An article in the New York Times by Farhad Manjoo suggested that smartphones should be equipped with the ability to detect when the user is taking a naked photograph of themselves. The phone would then warn the user, and propose encryption, password protection and restriction on cloud back-ups. The aim of this, states Manjoo, is harm reduction, in that it enables the protection of potentially damaging intimate photographs. Despite criticising Snapchat’s faulty security features, Manjoo then proposes the use of a slightly different technology (using the iPhone’s fingerprint scanner) which he assures us will make copying pictures impossible. That is of course until it doesn’t.

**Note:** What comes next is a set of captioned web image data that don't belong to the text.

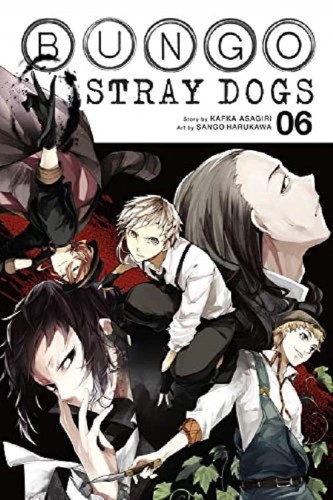 BUNGO STRAY DOGS GN VOL 06 (9780316468183)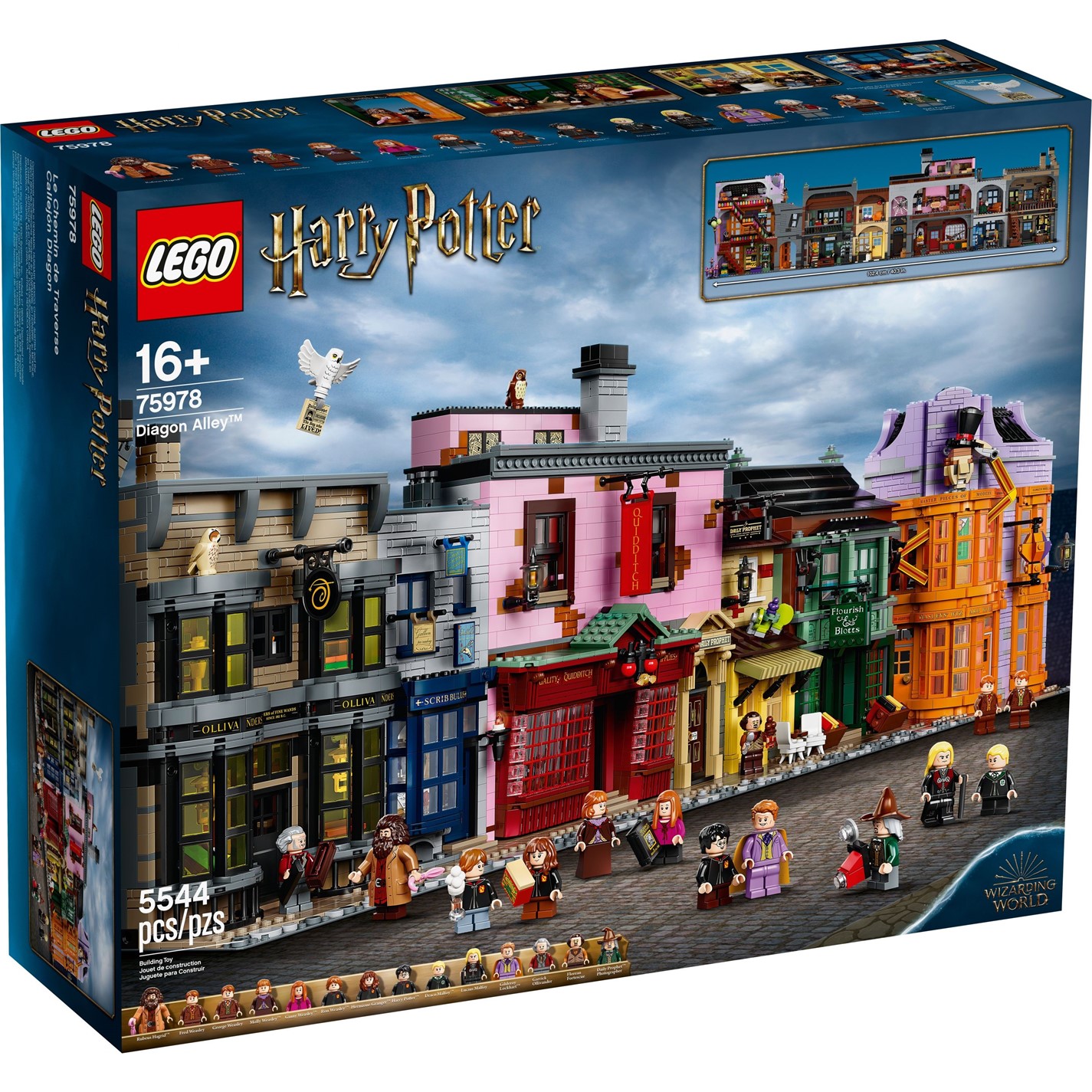 LEGO | LEGO 75978 - Harry Potter Diagon Alley | Multi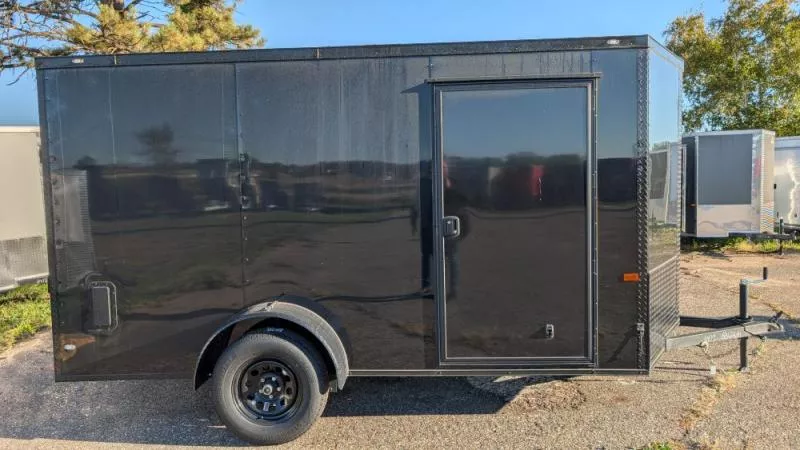 2026 Rock Solid Cargo 6 X 12 SA Cargo / Enclosed Trailer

A response piece in Forbes by Woodrow Hartzog and Evan Selinger pointed out that this approach was problematic, in that it proposed a technological solution to what should be a personal ethical choice. Their concern was that the technology would be replacing the user’s capacity to make decisions, although they concluded that the ‘opt-out’ idea was preferable, in which detection software would be automatically engaged on the phone, and it was up to the user to turn it off and take matters into their own hands.
What neither article suggested was that this is not actually an issue for smartphone manufacturers to solve, but rather a social issue. Although I am all in favour of users being given the ability to encrypt their photographs, we can’t expect technology to protect us if we are unwilling ourselves to change the very attitudes that do the real damage. For naked selfies are not the problem here – it is the means by which they are used to marginalise the people who take them. A photograph doesn’t mean anything until we ascribe significance to it, and the meanings given to naked selfies are reflective of much wider social inequalities, which create a paradox for women involving the expectation of / punishment for sexual display.
I suspect that the ‘change social opinions’ option is not mentioned in either article because it’s not straightforward. But the equivalent in the world of, say, motoring would be to emphasise car safety at the point of design and manufacture without enforcing any sort of driving code. We simply can’t expect machines to protect us, and other people, if we are not willing to put in the work too. Otherwise we’re blaming the person hit by another driver for not having a safe enough car themselves.
We can see the division between easy / hard solutions described by Manjoo:In some ways, naked selfies are more valuable than money — if your bank or credit card gets hacked, insurance will most likely make you whole, but if your private photo gets out, you’re hosed.
So money can be quickly reimbursed, but a reputation is more difficult to repair. Does that mean we should try not to change attitudes, simply because it’s hard? Surely it’s much easier just to build an algorithm that can detect naked selfies and trigger a warning? But this technological quick-fix further consolidates the problem it is meant to be alleviating, by identifying naked images as wrong, dangerous and to-be-hidden.
The truly effective way in which reputations could be protected from the damage wrought by naked selfies is if we collectively resisted the urge to condemn users in the first place. If the knee-jerk reaction was not to blame the subject – for not encrypting their picture, for sharing, for taking it at all – then the problem would be radically reduced. But this seems impossible, doesn’t it, as there’s no feature on the iPhone that we can engage in order to make this happen.
So rather than ask our phones to scan and police the morality of our own behaviour, what these articles suggest is that we’re actually expecting technology to ameliorate our own prejudices against the behaviour of others. If we’re not willing to change our own attitudes and desires to punish other people’s use of photography, then presumably we can just get phones and code to do the hard moral work for us.